- Work order -
An exact transcription of the lines from the one holding "bathroom featuring a" to the end of the entries below, and nothing more, is the required answer. Please omit the pictures.

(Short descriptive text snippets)
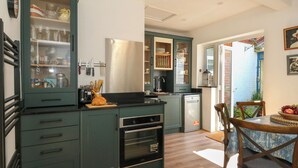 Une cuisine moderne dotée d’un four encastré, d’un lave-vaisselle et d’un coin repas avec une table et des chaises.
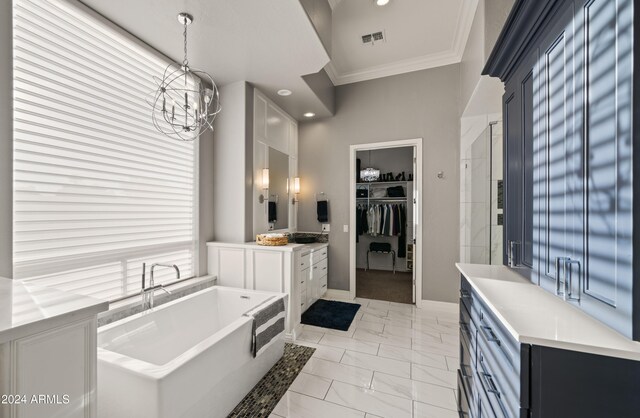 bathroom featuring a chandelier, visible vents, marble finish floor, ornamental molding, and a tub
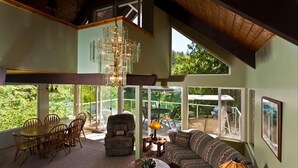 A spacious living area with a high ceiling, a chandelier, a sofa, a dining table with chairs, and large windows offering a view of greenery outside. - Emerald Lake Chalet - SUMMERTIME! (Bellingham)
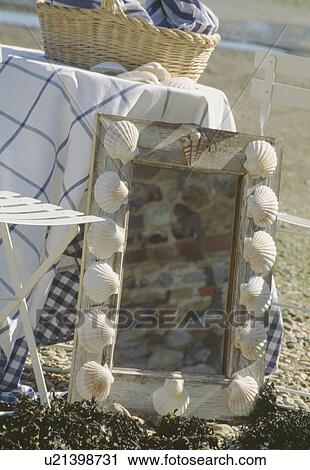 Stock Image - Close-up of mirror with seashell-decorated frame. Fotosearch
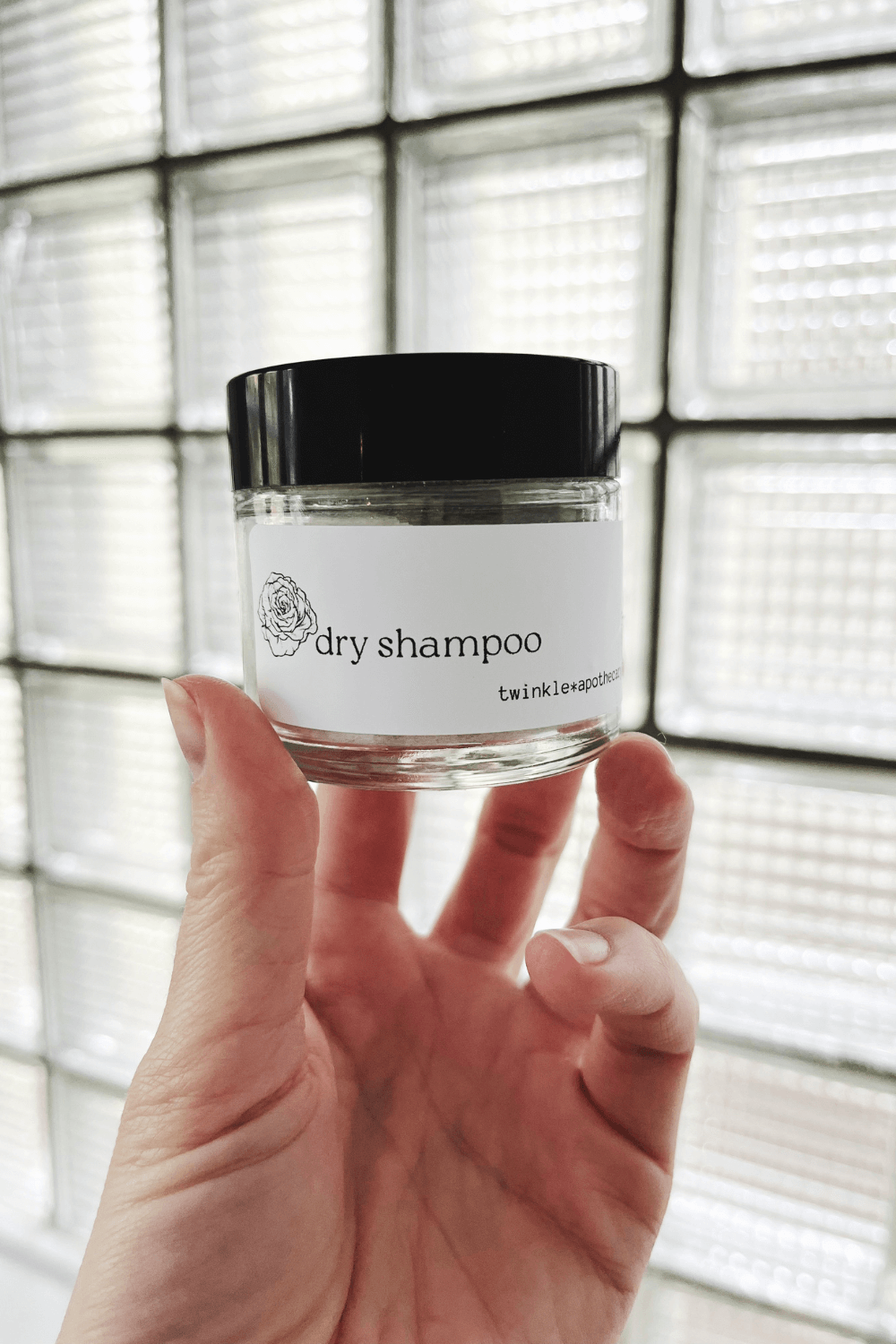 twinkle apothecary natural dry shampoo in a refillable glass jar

- Result of this task -
 bathroom featuring a chandelier, visible vents, marble finish floor, ornamental molding, and a tub
 A spacious living area with a high ceiling, a chandelier, a sofa, a dining table with chairs, and large windows offering a view of greenery outside. - Emerald Lake Chalet - SUMMERTIME! (Bellingham)
 Stock Image - Close-up of mirror with seashell-decorated frame. Fotosearch
 twinkle apothecary natural dry shampoo in a refillable glass jar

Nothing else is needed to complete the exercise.